→ **Brief**
Pictures do not belong in the copy; print every entry exactly as it stands.
#### Working data ####
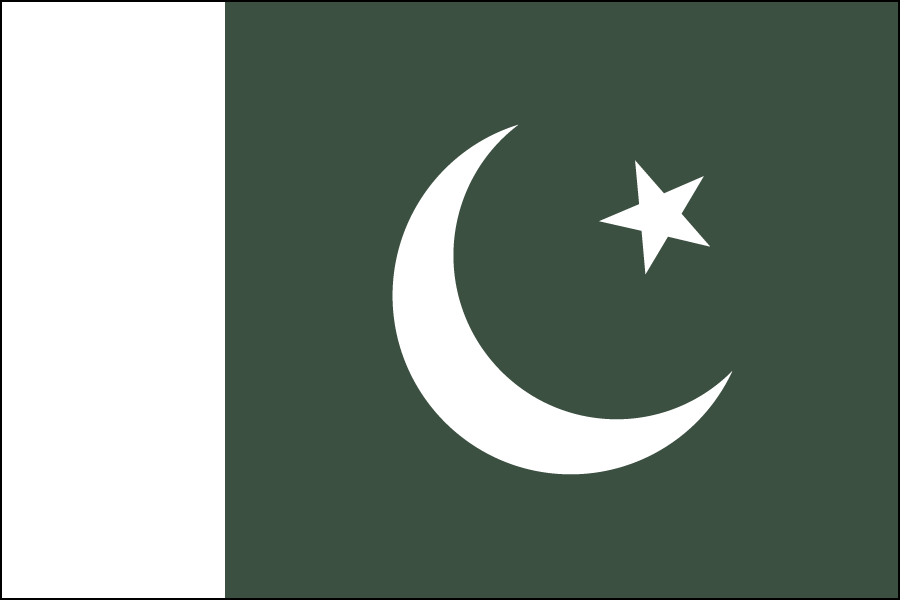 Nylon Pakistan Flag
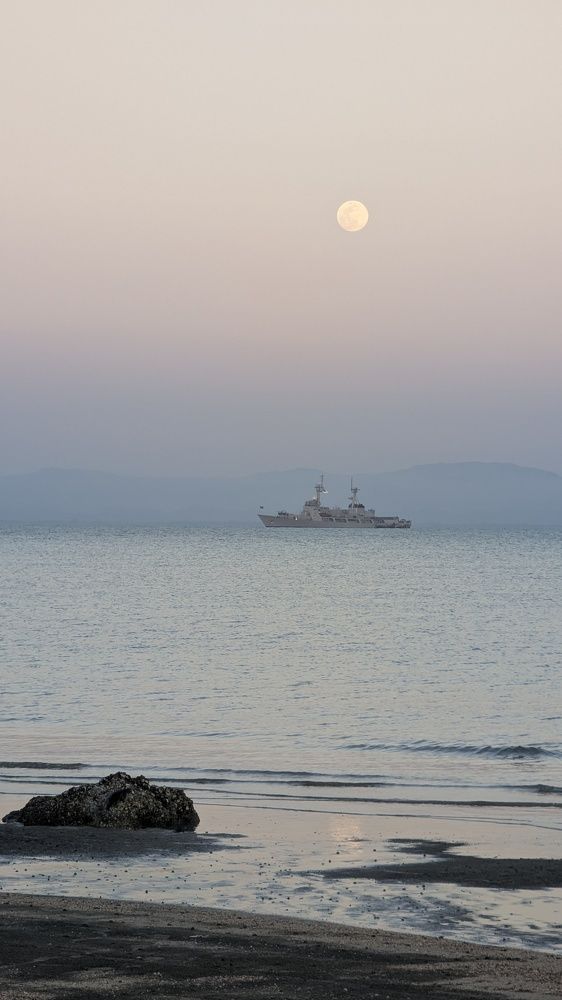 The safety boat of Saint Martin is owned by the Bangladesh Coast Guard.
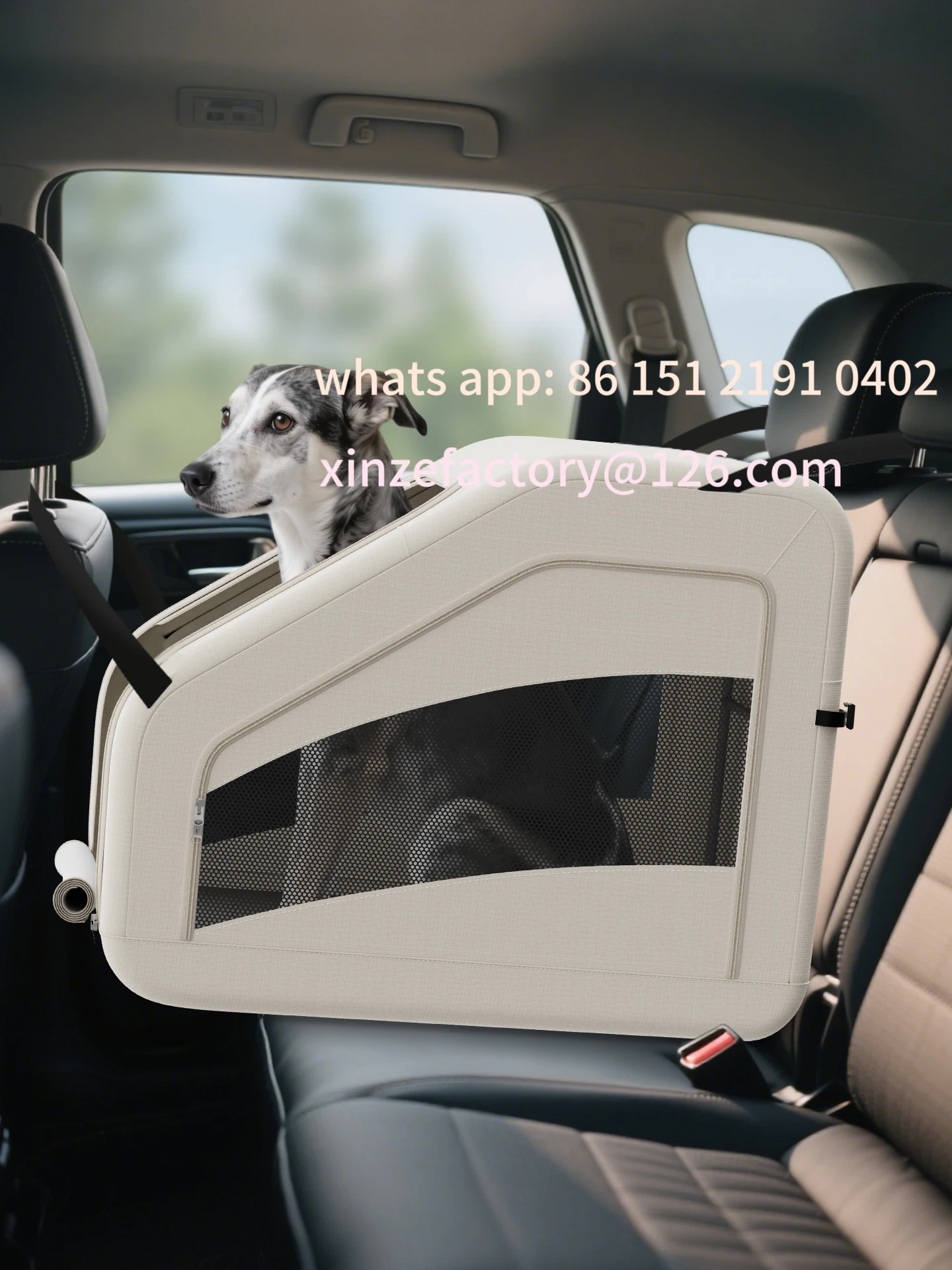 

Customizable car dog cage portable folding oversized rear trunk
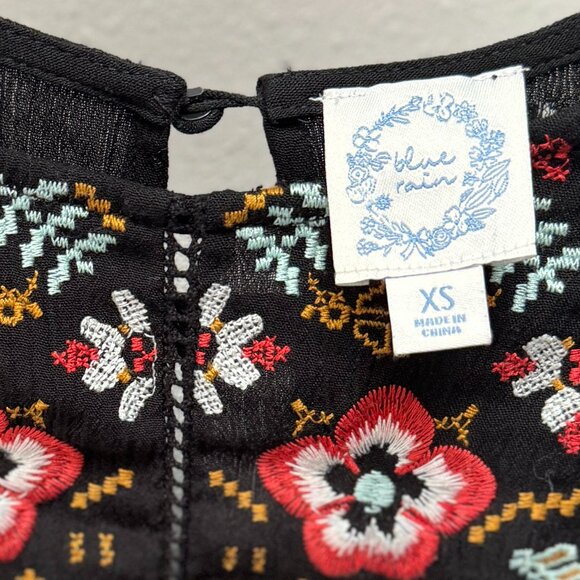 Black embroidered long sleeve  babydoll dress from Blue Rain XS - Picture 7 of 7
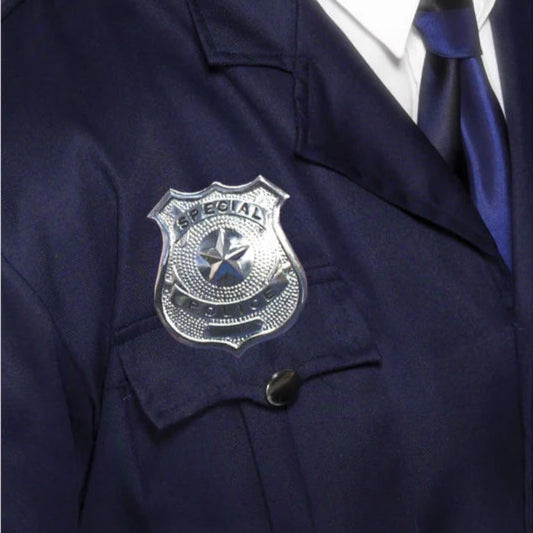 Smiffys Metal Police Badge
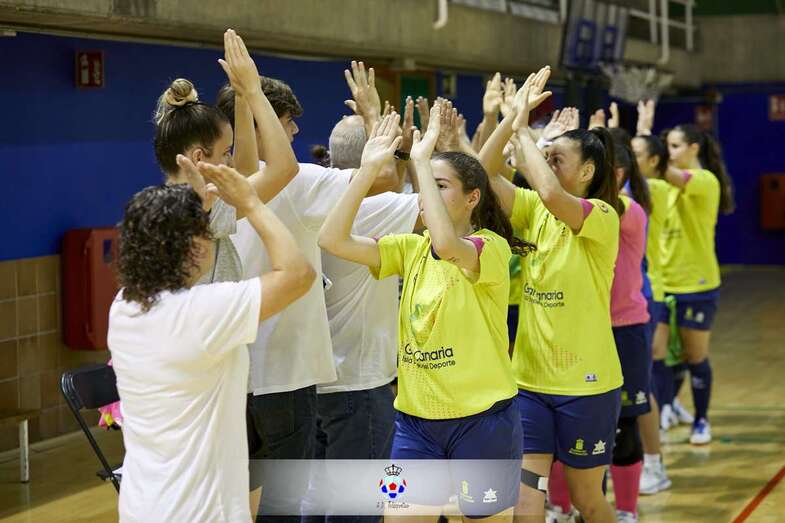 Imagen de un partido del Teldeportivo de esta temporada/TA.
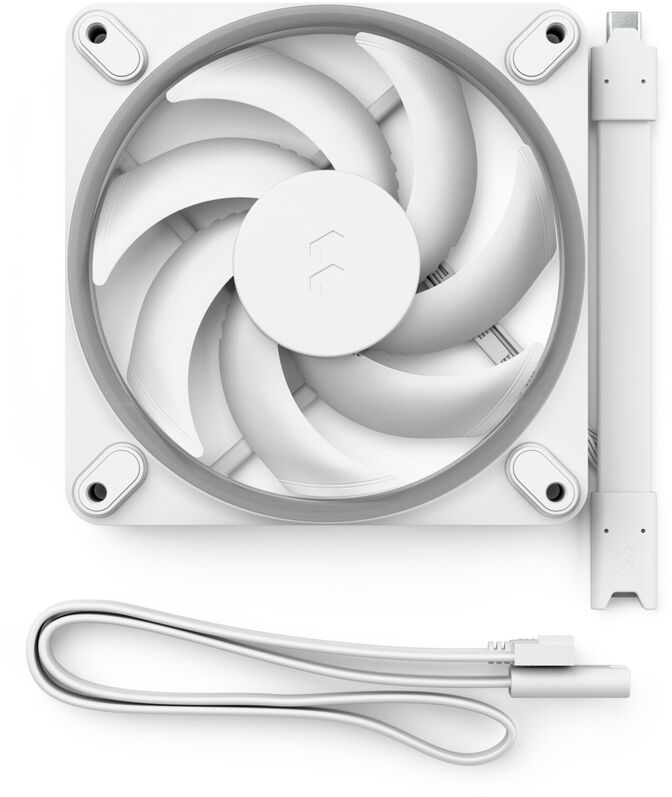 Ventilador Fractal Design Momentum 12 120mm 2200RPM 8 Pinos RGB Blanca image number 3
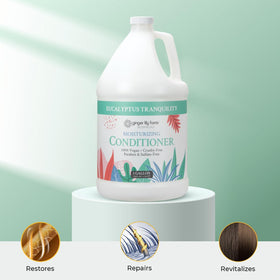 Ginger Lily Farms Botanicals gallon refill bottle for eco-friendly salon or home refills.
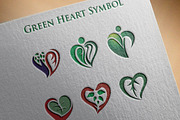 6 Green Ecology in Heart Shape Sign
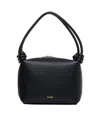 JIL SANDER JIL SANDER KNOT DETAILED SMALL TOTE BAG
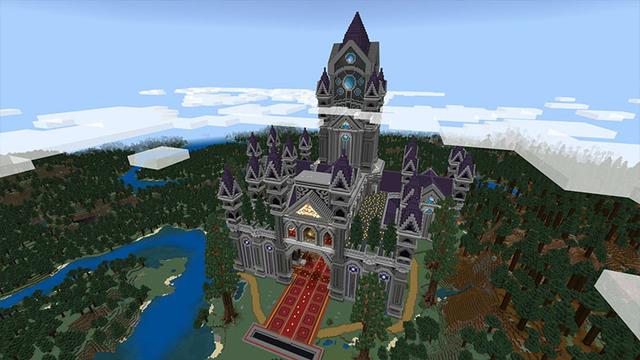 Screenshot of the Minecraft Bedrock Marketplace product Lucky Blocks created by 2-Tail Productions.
####
→ **Finished task**
 Nylon Pakistan Flag
 The safety boat of Saint Martin is owned by the Bangladesh Coast Guard.

Customizable car dog cage portable folding oversized rear trunk
 Black embroidered long sleeve  babydoll dress from Blue Rain XS - Picture 7 of 7
 Smiffys Metal Police Badge
 Imagen de un partido del Teldeportivo de esta temporada/TA.
 Ventilador Fractal Design Momentum 12 120mm 2200RPM 8 Pinos RGB Blanca image number 3
 Ginger Lily Farms Botanicals gallon refill bottle for eco-friendly salon or home refills.
 6 Green Ecology in Heart Shape Sign
 JIL SANDER JIL SANDER KNOT DETAILED SMALL TOTE BAG
 Screenshot of the Minecraft Bedrock Marketplace product Lucky Blocks created by 2-Tail Productions.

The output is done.